VG
(Verified CFHC User)
Sun Aug 28 2005 03:41 PM
Re: Category 5 Katrina Winds to 175MPH

#102 Published Sunday August 27, 2005 at 3:30 pm EDT
http://www.kn4lf.com/flwx1.htm

Sorry folks but I lost my web server at around 1:00 am EDT this morning and could not update my weather forecasting website. It could not be worse timing too. I just got it back online at 3:15 pm EDT.

As of the 2:00 pm EDT advisory CAT 5 Katrina continues with a sustained wind of 175 mph with gusts exceeding 200 mph, is at position 26.5 deg. N 88.6 deg. W, with a minimum barometric pressure of 26.75" and is currently on a NW heading at a speed of 13 mph. Looking at latest satellite imagery she appears to be on a NNW heading or 350 deg. but this could be a trochoidal wobble. Right now Katrina is as strong as CAT 5 Camille was in 1969, only much larger.

I still think that Katrina will turn NNW-N-NNE and pass just east of the Mississippi River Delta due to the influence of the strengthening and digging mid level longwave trough current located over the Central Plains region. But this will still threaten the Louisiana Delta with total inundation as well as on the east side of the City Of New Orleans.

My current landfall window continues at Pascagoula, MS on the left side and Navarre, FL on the right side, with the bulls eye along the Alabama-Florida border. But due to the size of this tropical cyclone the damage window will extend from Morgan CIty, LA in the west to Apalachicola, FL in the east on early Monday morning 08/29/05.
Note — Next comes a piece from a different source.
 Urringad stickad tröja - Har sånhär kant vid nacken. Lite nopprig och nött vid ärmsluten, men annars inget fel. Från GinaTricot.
I'm now hearing of some mandatory evacuations being ordered along the Alabama coast eastward to the western Florida panhandle, so a horrific human catastrophe may be averted. If Katrina were to hold her present strength then we would be looking at an incredible storm surge of 15-20 feet, with some spots seeing 28-32 feet just to the right of the eyewall at landfall. Some of the surge may also reach the west coast of the Florida peninsula too.
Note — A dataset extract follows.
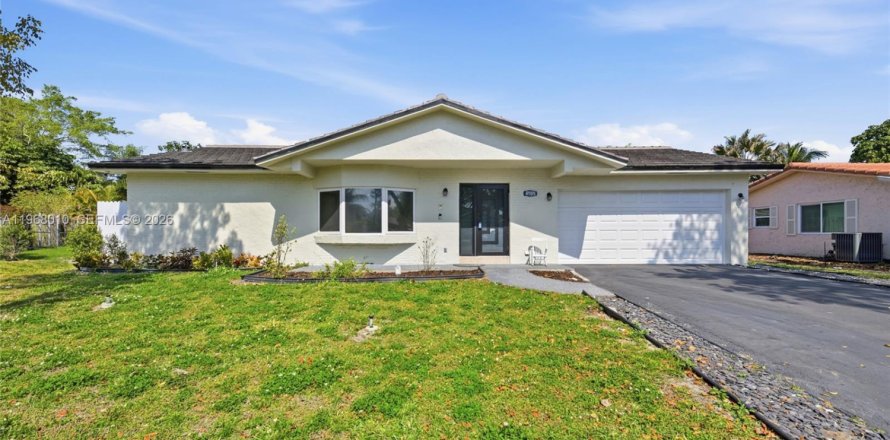 Casa en Coral Springs, Florida 3 dormitorios, 172.43 m2 № 2032195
It takes a special set of circumstances for a CAT 5 tropical cyclone to form and it is very hard for a tropical cyclone to hold at a strong CAT 5 level for very long. But she is so strong that she may only weaken back to a weak CAT 5 (oxymoron) at landfall. But at some point she will undergo another eye wall reformation cycle (ERC), will leave the very warm loop current, enter shallower shelf water and dry air entrainment and wind shear will increase and she may weaken back to a CAT 4 at landfall. But a CAT 4 will still cause catastrophic damage.